Sam from Pungo had a gift for gab as they say. He had a lot of dental work done, which meant we spent a lot of time together and I got to know him really well. Sam’s a mason. I hired him to do some brick work when we moved into a new house. We spent time together outside the office. He often told me how much he had loved his wife, but that she was mentally ill and committed suicide.

Then, about two years ago, he lost his daughter to suicide. She was home for summer break and took her life a few weeks before returning to school for fall.

This really tore me up because I knew how much he loves his kids.

Now it’s just Sam and his son. He still comes over to do jobs around the house. I see the way he watches me interact with my family and can sense the loss he feels.

What sticks with me is that Sam always reminds me to love my kids and my family as much as I can. ‘Do everything you can for them.’ ‘Hug them and kiss them often.’ ‘Tell them how much you love them.’ He is currently trying to keep his son in a positive place. I admire his strength. Despite everything that has happened to him, he is always upbeat. He has shown me that despite all the things that can go wrong, it is still possible to have a positive outlook and to be happy. Even if you get dealt a bad hand, you can still overcome sadness and be grateful for what you do have.

Back to smiling
Fredric Fink, M.D.
Pediatric Specialists CHKD

“Timmy” was 10-years old. He always came in for his checkups after his birthday, the week before Thanksgiving. His hair was neatly parted to the right. And he always had a broad, infectious smile for me when I entered the examination room. And that day, several years ago, was no different. As always, I asked him how his year was going, and his answer with that smile, “really good!”

One year, something was different. His dad usually would have been there for his checkup. I asked Timmy how he was doing. No Timmy smile that day. I got a less convincing “pretty good.”

His mom informed me that his dad had passed away during the summer from an aggressive form of colon cancer.

As I began to exam him, I noticed a smoky smell to his clothes that wasn’t from cigarettes. I asked Mom about the smell and learned that their house caught fire two days before. Timmy and his mom were able to escape, but nearly all of their belongings were destroyed.

Timmy’s big smile returned because his bike was spared from the fire and it was a birthday present he loved.

I was devastated to hear this. My staff was so moved by the story that they collected clothes and toys and books for him, and clothes for his mom. We invited them to our office for lunch and gave them cooked turkeys and all the fixings, and personal items we collected for them both. He was all smiles, and we were all in tears.

Timmy definitely made his mark on all of us. His ability to smile and stay positive despite such devastating circumstances will always inspire me.

The big foot question
Morris Elstein—Coastal Gynecology

As a gynecologist, my specialty deals with issues and disorders in a limited area of the body, primarily the genitals.

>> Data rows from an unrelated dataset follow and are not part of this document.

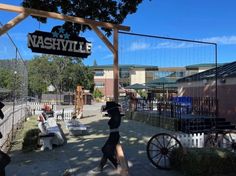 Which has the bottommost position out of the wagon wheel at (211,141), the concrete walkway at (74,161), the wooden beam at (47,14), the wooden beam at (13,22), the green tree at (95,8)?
the concrete walkway at (74,161)

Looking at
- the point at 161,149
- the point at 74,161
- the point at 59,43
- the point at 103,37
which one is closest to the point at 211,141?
the point at 161,149

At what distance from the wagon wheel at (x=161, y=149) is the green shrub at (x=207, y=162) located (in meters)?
0.50

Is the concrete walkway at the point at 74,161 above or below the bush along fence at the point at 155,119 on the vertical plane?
below

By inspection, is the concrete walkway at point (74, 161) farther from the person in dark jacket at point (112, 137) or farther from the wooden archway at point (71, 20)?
the wooden archway at point (71, 20)

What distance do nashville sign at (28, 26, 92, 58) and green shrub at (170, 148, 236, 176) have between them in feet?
10.5

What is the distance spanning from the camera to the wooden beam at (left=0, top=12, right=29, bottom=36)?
6849 mm

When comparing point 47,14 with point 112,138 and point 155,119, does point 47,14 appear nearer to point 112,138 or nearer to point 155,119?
point 112,138

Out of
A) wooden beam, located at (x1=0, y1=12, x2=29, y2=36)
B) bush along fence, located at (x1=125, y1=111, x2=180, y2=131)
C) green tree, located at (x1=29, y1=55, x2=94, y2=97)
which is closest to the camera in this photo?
wooden beam, located at (x1=0, y1=12, x2=29, y2=36)

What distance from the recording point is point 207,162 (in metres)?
6.99

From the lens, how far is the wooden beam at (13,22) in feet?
22.5

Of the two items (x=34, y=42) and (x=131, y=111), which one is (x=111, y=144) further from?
(x=131, y=111)

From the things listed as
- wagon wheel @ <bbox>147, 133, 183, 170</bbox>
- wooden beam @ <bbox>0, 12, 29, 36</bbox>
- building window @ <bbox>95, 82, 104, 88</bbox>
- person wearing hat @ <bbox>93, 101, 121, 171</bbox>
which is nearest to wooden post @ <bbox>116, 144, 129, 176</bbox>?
person wearing hat @ <bbox>93, 101, 121, 171</bbox>

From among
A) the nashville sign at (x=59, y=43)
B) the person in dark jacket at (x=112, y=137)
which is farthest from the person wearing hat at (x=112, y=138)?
the nashville sign at (x=59, y=43)

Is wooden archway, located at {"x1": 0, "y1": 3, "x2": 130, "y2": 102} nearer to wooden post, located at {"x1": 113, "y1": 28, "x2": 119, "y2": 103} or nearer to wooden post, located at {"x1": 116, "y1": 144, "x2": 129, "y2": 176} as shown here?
wooden post, located at {"x1": 113, "y1": 28, "x2": 119, "y2": 103} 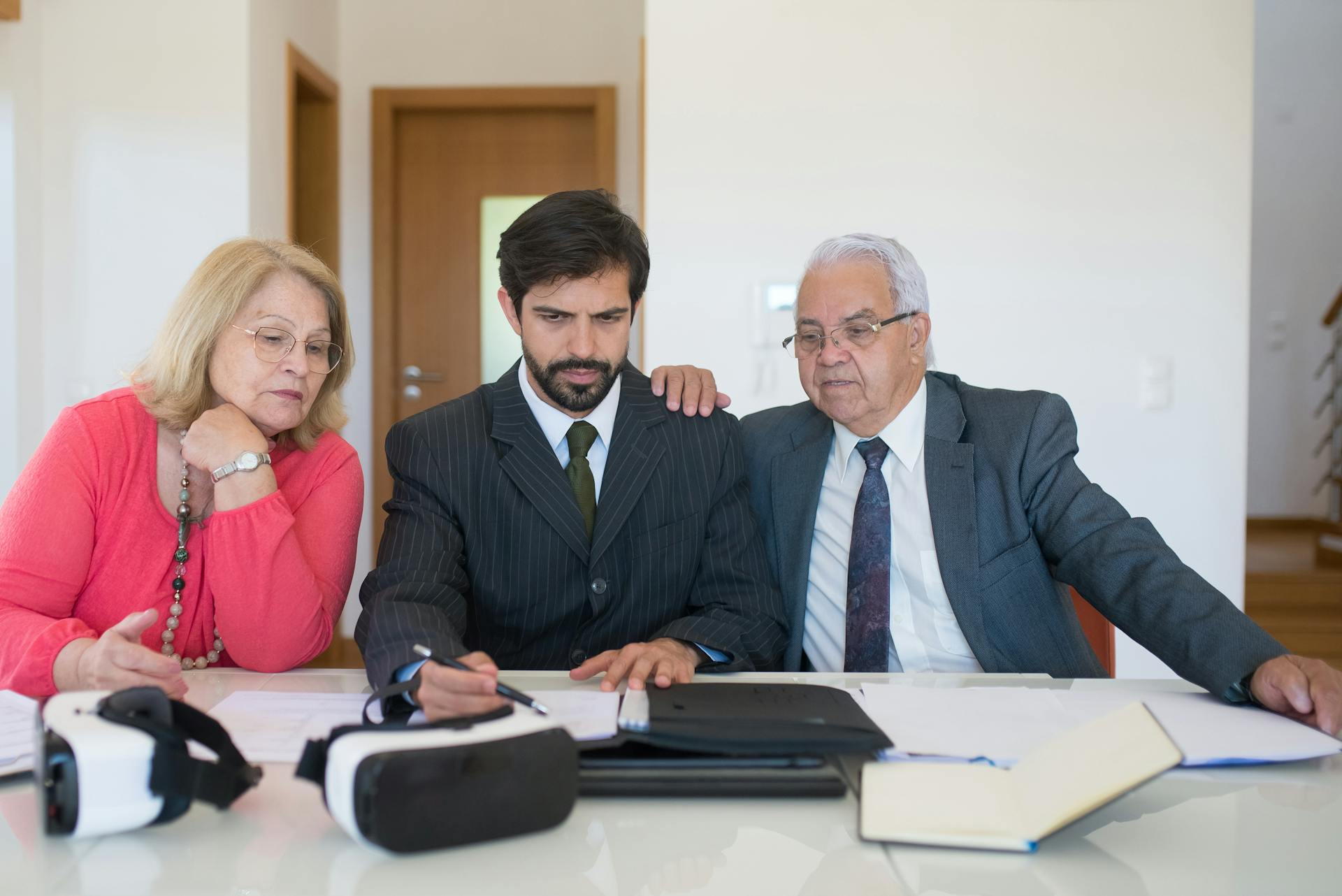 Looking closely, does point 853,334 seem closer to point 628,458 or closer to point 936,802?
point 628,458

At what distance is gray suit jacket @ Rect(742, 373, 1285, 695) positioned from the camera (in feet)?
5.69

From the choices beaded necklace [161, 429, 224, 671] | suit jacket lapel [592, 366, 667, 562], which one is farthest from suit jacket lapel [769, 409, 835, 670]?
beaded necklace [161, 429, 224, 671]

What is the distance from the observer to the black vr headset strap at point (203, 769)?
35.4 inches

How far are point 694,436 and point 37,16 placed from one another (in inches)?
126

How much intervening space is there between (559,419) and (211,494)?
0.58 metres

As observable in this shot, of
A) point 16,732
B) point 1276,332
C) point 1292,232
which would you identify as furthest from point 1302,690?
point 1292,232

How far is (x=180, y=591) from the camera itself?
5.46ft

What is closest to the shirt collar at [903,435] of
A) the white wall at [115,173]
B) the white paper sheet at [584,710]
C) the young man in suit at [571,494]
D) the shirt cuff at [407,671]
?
the young man in suit at [571,494]

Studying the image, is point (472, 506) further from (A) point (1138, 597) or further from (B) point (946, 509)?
(A) point (1138, 597)

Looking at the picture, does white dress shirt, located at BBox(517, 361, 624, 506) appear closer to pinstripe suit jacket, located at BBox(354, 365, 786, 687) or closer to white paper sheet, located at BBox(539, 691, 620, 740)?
pinstripe suit jacket, located at BBox(354, 365, 786, 687)

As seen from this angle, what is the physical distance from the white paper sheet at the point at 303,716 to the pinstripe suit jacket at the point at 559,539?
0.36 meters

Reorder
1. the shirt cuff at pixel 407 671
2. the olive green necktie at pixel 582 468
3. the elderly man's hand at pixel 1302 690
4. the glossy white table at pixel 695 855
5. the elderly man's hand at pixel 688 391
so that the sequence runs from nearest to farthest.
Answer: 1. the glossy white table at pixel 695 855
2. the elderly man's hand at pixel 1302 690
3. the shirt cuff at pixel 407 671
4. the olive green necktie at pixel 582 468
5. the elderly man's hand at pixel 688 391

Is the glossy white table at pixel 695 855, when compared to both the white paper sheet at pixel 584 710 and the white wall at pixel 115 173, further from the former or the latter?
the white wall at pixel 115 173

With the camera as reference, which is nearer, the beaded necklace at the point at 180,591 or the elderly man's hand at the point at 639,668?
the elderly man's hand at the point at 639,668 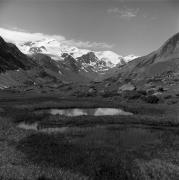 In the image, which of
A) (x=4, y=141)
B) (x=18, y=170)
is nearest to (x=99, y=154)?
(x=18, y=170)

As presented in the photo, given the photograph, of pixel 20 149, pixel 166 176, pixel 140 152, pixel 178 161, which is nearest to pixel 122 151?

I don’t know why, but this is a common question I get from patients on the exam table: “I know this is not in your specialty, but can you tell me anything about this problem I have with my foot?”

My standard answer is, “If your foot was in another region of the body, closer to your genitals, I could probably help you with your problem.”

Motivation and determination
Lucy Cardon, RN
Jewish Family Service of Tidewater

My patient had ALS for five years and in those five years, as her disease progressed, she accomplished more than most people do in a lifetime. I was always in awe of her motivation and determination. Even though she could not move or breathe on her own, she continued to work from her bedside, using a computer with eye gaze technology. She attended opera and traveled to Richmond to accept an honor bestowed upon her by the late Bishop Sullivan for commissioning a piece of her beautiful artwork to his church.

She was an expert at micro-managing her own care, who also gave expert advice to anyone who needed help. She was an inspiration to me and everyone who had the pleasure of being in her presence.

I still think about her often, especially when going through difficult times, I wonder what advice she would give me.